The sparkling beverage of the present invention may contain alcohol. An alcoholic beverage refers to a beverage containing alcohol, and the term “alcohol” herein means ethyl alcohol (ethanol) unless otherwise stated. An alcoholic beverage of the present invention can be any type of beverages as long as it contains alcohol. It may be a beverage having an alcohol content of 0.05 to 40 v/v % such as beer, low-malt beer, shochu highball or a cocktail, or a beverage having an alcohol content of less than 0.05 v/v % such as non-alcoholic beer, shochu highball taste beverage or a refreshing beverage. The sparkling beverage of the present invention has an alcohol content of preferably less than 0.05 v/v %, and more preferably 0.00 v/v %. It is noted that an alcohol content herein is expressed as a volume/volume percentage (v/v %). Besides, an alcohol content of a beverage can be measured by any one of known methods, and can be measured with, for example, a vibration densitometer.
The flavor of the sparkling beverage of the present invention is not especially limited, and the beverage can be adjusted to have various flavors. The sparkling beverage of the present invention may be, for example, an orange-flavored, lemon-flavored, lime-flavored, grape-flavored, ginger ale-flavored, cassis-flavored, or cola-flavored beverage. The flavor of the sparkling beverage of the present invention can be adjusted by adding a component approved as a food additive or a component that is not approved but generally regarded as safe because it is eaten for a long period of time, such as fruit juice, an acidulant, a spice, a plant extract, a dairy product, or another flavor. In one aspect of the present invention, the sparkling beverage of the present invention is not a beer-taste beverage.
The sparkling beverage of the present invention may further contain one or more selected from the group consisting of caramel, cinnamic aldehyde (cinnamaldehyde), phosphoric acid, vanilla and caffeine. When such a component is contained, the foam retention can be further improved. Here, caffeine may be not only a purified product usable as a food additive (purified product having a caffeine content of 98.5% or more) or a coarsely purified product usable as food (having a caffeine content of 50 to 98.5%) but also an extract of a plant containing caffeine (such as a tea leaf, a cola nut, a coffee bean or guarana) or a concentrate of the extract.
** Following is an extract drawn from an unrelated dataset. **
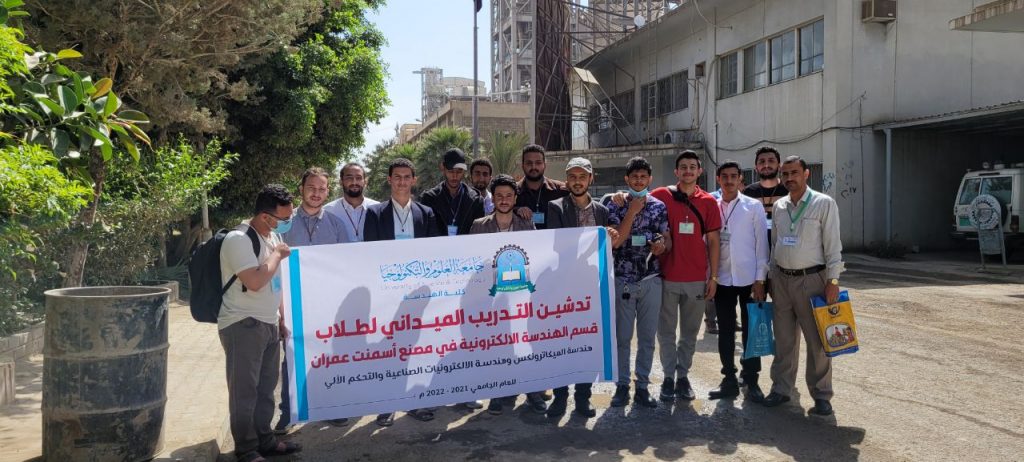 تدشين التعاون في مجالات التدريب المتبادل بين جامعة العلوم والتكنولوجيا ومصنع اسمنت عمران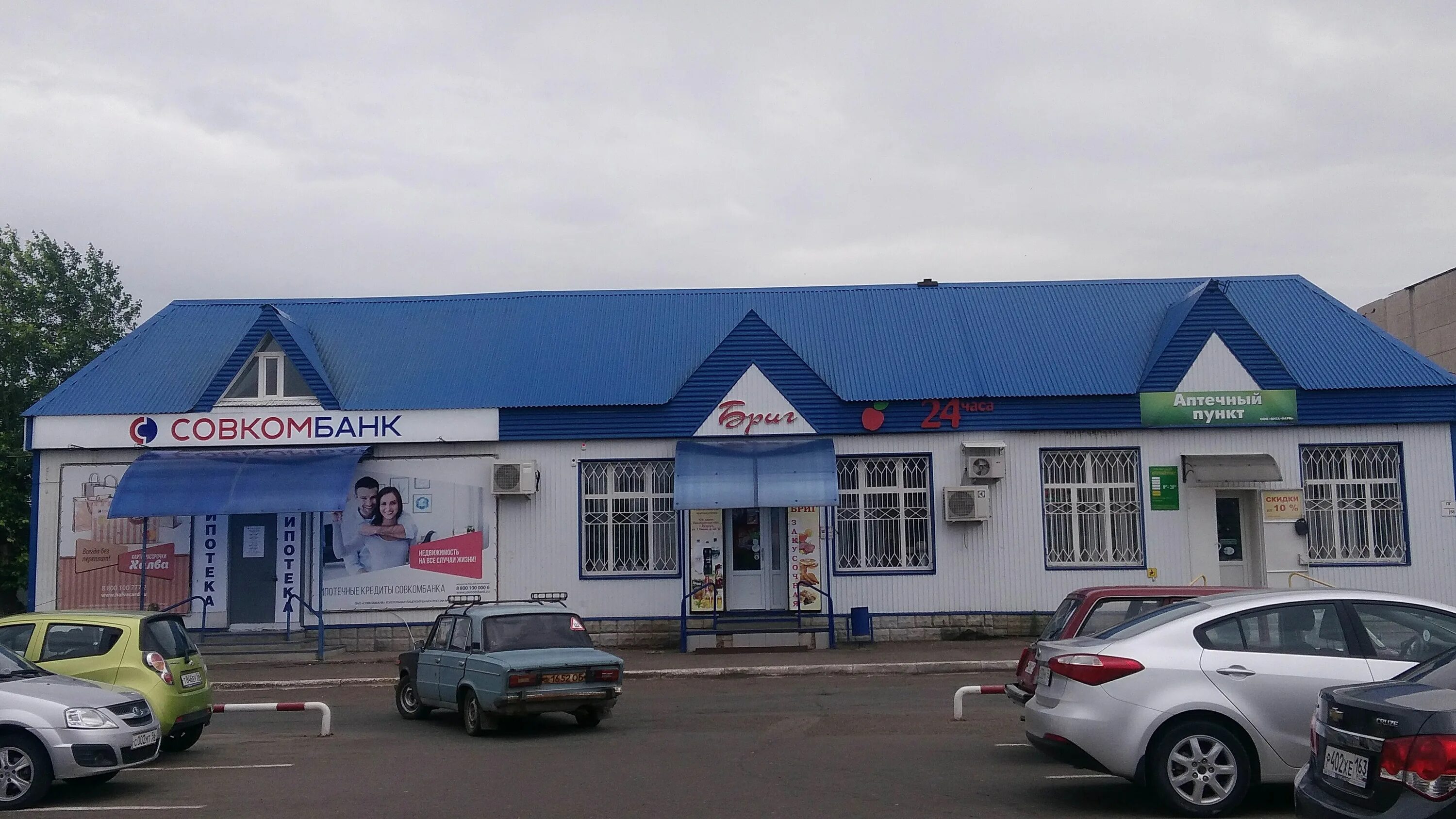 Бузулукский городской отдел судебных приставов переехал на новый адрес - Орен.Ру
In one aspect of the present invention, a caffeine content in the sparkling beverage can be 1 to 200 ppm. Quantitative determination of caffeine may be performed by any method, and can be performed by, for example, filtering the sparkling beverage through a membrane filter (cellulose acetate film 0.45 μm, manufactured by ADVANTEC), and subjecting the resultant sample to high-performance liquid chromatography (HPLC).
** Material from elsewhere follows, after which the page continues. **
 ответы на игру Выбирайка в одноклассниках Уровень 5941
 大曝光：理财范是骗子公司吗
In another aspect, the sparkling beverage of the present invention can contain cinnamic aldehyde (cinnamaldehyde). Here, cinnamaldehyde (C₆H₅CH═CH—CHO, molecular weight: 132.16) is a kind of aromatic aldehydes known as a cinnamon odor component, and is available as a flagrance preparation. In one aspect of the present invention, the sparkling beverage can contain cinnamaldehyde in an amount in a specific range. A cinnamaldehyde content in the sparkling beverage of the present invention can be, for example, 0.5 to 50 ppm, and preferably 0.5 to 32 ppm or 1.0 to 20 ppm. Quantitative determination of cinnamaldehyde can be performed by, for example, gas chromatography or a method using a mass spectrometer or the like.
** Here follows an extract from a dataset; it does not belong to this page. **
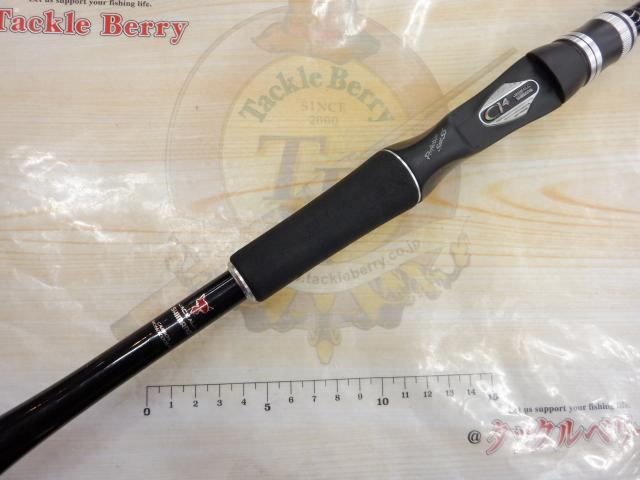 ポイズンアドレナ 1610MG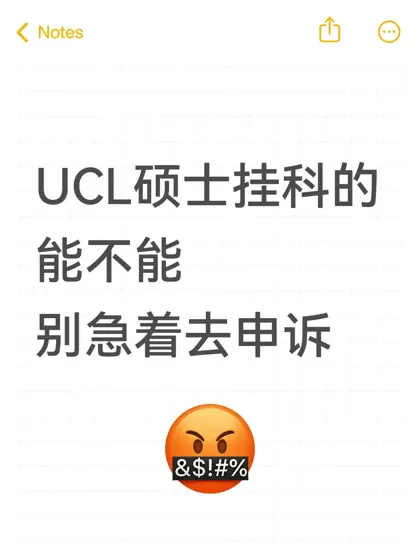 UCL硕士挂科，都先壁垒下申诉（良心版）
In still another aspect, the sparkling beverage of the present invention can contain caramel (or caramel color). Here, edible known caramel color can be used as the caramel. For example, a product obtained by heat treating an edible carbohydrate typified by sugar or glucose, or a product obtained by heat treating an edible carbohydrate with an acid or alkali added thereto can be used. Alternatively, a sugar content contained in fruit juice or vegetable juice can be caramelized for use, and in this case, the sugar content can be caramelized by a heat treatment or a treatment with an acid or alkali. The sparkling beverage of the present invention can contain caramel color in a content in a specific range.
In the sparkling beverage of the present invention, foam is stabilized. For example, foam generated when the sparkling beverage of the present invention is poured into a container is retained for a longer period of time than that of a general sparkling beverage. The foam retention of a sparkling beverage can be evaluated as follows. To a test solution having pH adjusted with phosphoric acid, Reb. B and an arbitrary additive are added, and a gas pressure in the resultant is adjusted by using a carbon dioxide gas. The thus obtained sample is put in a container (such as a 100 ml glass bottle), the container is sealed and then opened, and the sample contained in the container is poured into a 500 mL measuring cylinder with a funnel placed on the upper end thereof at a rate of 100 ml/2 sec in such a manner as to run down on the funnel wall. A scale mark corresponding to the level of the thus obtained foaming surface is read to be defined as a liquid surface height (ml) at the beginning of the test. Instruments used in the test and the outline of the test are respectively illustrated in FIGS. 1 and 2 . The liquid surface height is checked every predetermined time, and time until the liquid surface height reaches 100 ml (namely, until the whole foam on the liquid surface disappears) is measured and recorded. When foam disappearance time is high, a 200 mL measuring cylinder may be used for the test instead of the 500 mL measuring cylinder.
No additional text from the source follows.